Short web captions
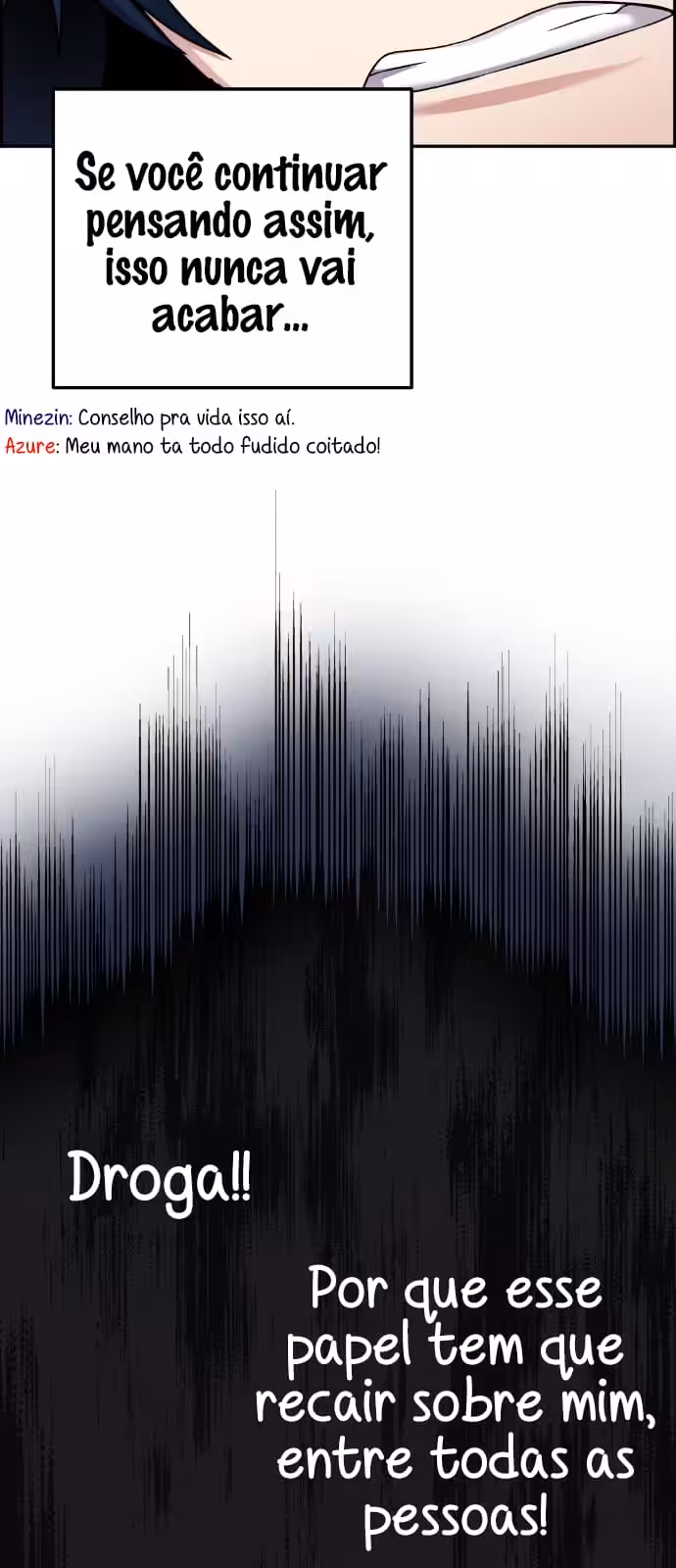 Página do Capítulo 28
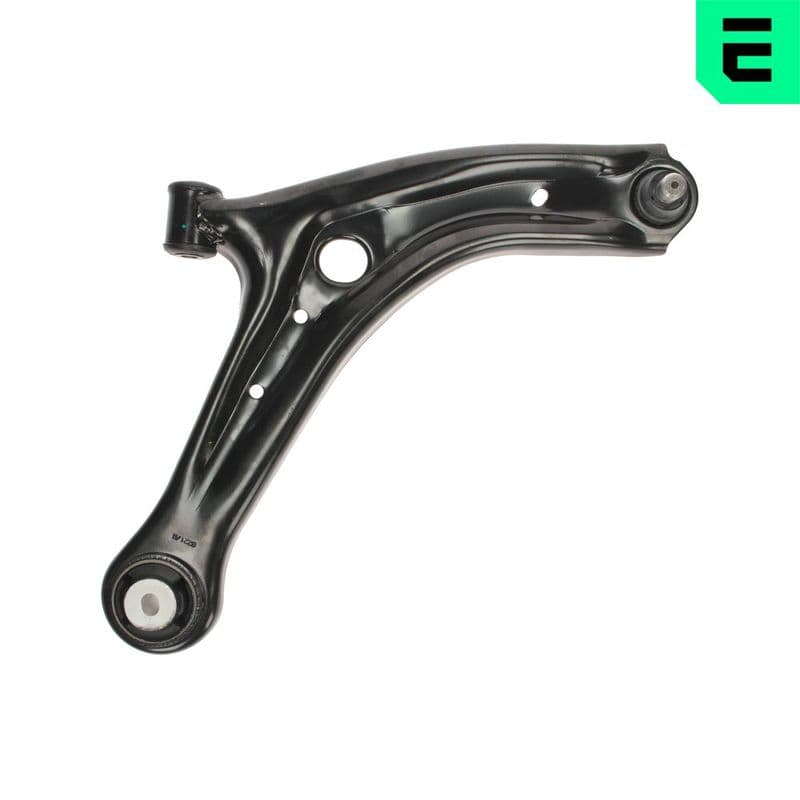 Brat, suspensie roata OPTIMAL G6-1362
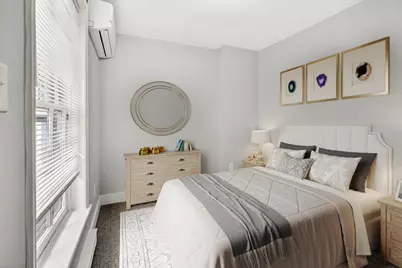13 All Saints Street W, Frederick, MD 21701 - Photo 18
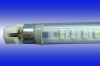 T8 led SMD  fluorescent, day , tube  light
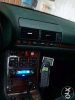 208434390_2_1000x700_prodam-avtomobil-mercedes-w-140-fotografii_rev003.jpg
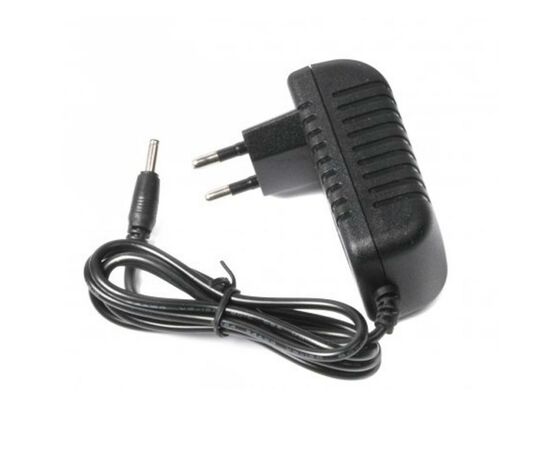 Концентратор 7 port USB 2.0 Gembird (UHB-U2P7-03), изображение 3 Концентратор 7 port USB 2.0 Gembird (UHB-U2P7-03), изображение 3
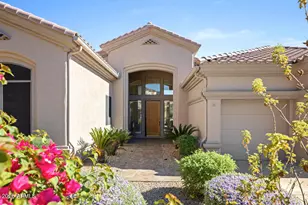 13623 E Geronimo Rd, Scottsdale, AZ 85259 - Photo 3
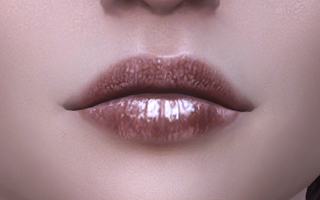 Lips 155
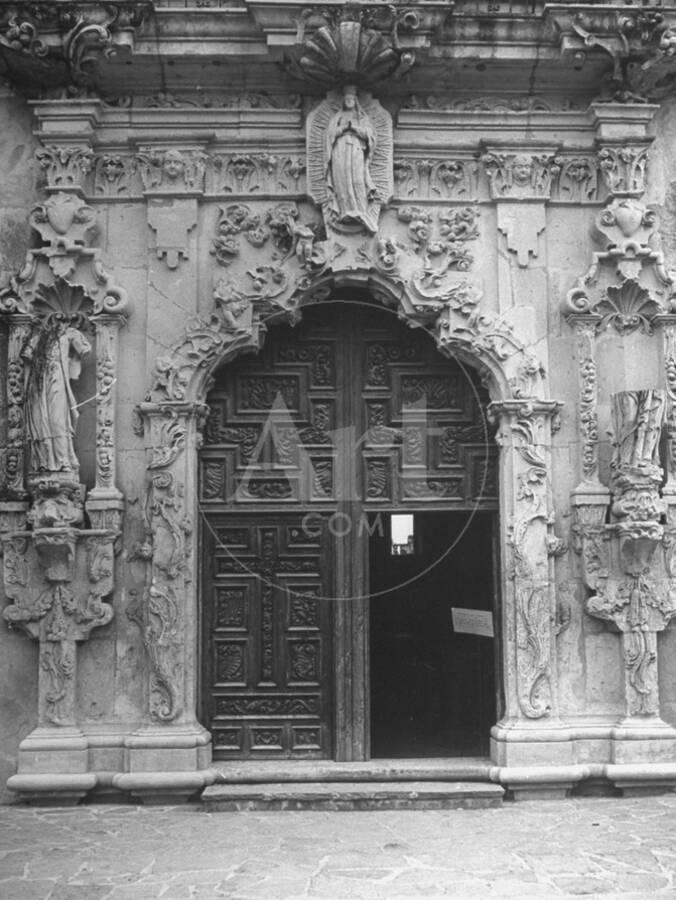 54 Elaborate Decorative Style Crossword Clue - Daily Crossword Clue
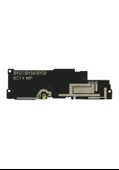 Gmr Sony Uyumlu Xperia Xa1 Buzzer Hoparlör - 3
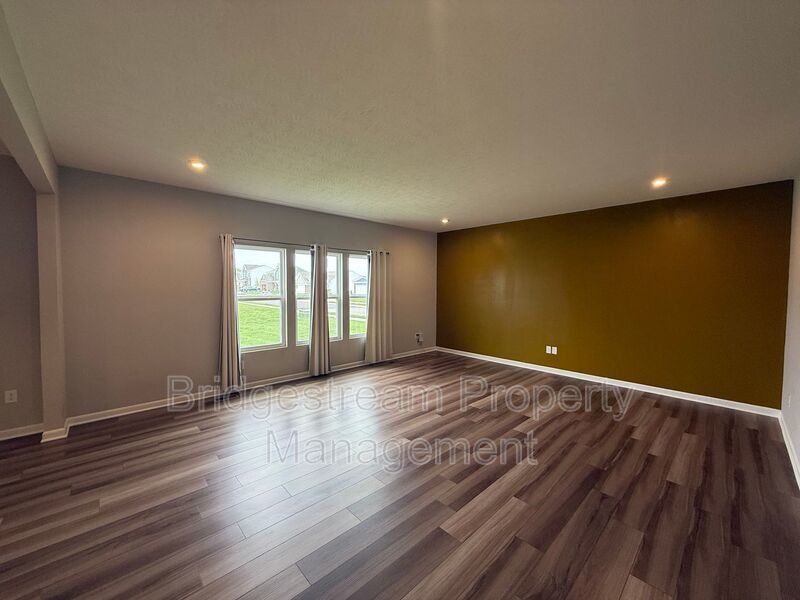Beautiful 4 Bed, 3.5 Bath Home in Brookeville property image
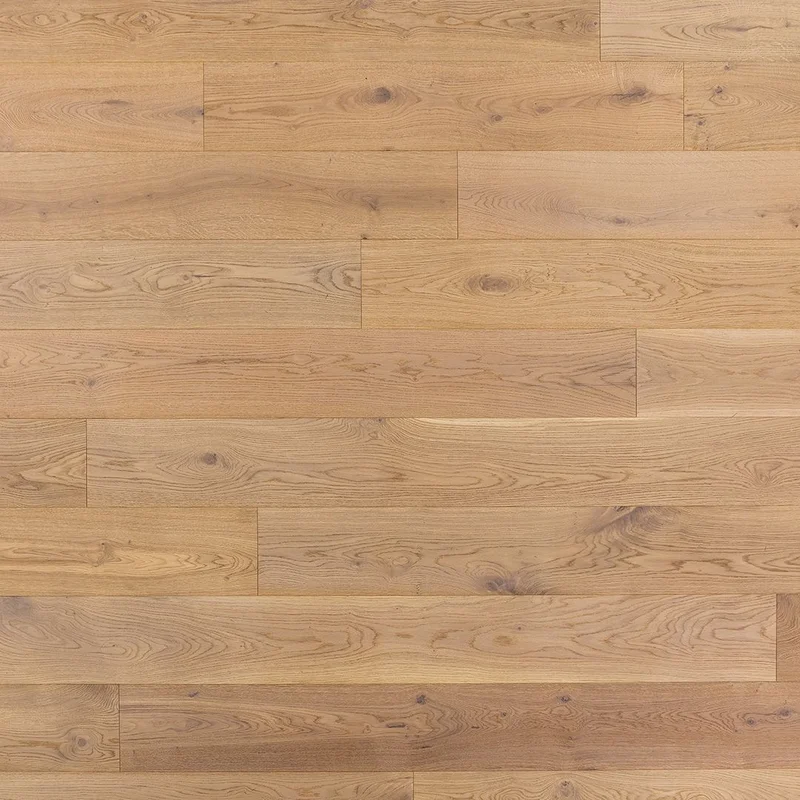 flooringmarket3523771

● TRY IT
Repeat verbatim the range of lines that opens at the line containing "13623 E Geronimo" and closes at the last line of the entries, excluding all pictures.

● RESULT
 13623 E Geronimo Rd, Scottsdale, AZ 85259 - Photo 3
 Lips 155
 54 Elaborate Decorative Style Crossword Clue - Daily Crossword Clue
 Gmr Sony Uyumlu Xperia Xa1 Buzzer Hoparlör - 3
Beautiful 4 Bed, 3.5 Bath Home in Brookeville property image
 flooringmarket3523771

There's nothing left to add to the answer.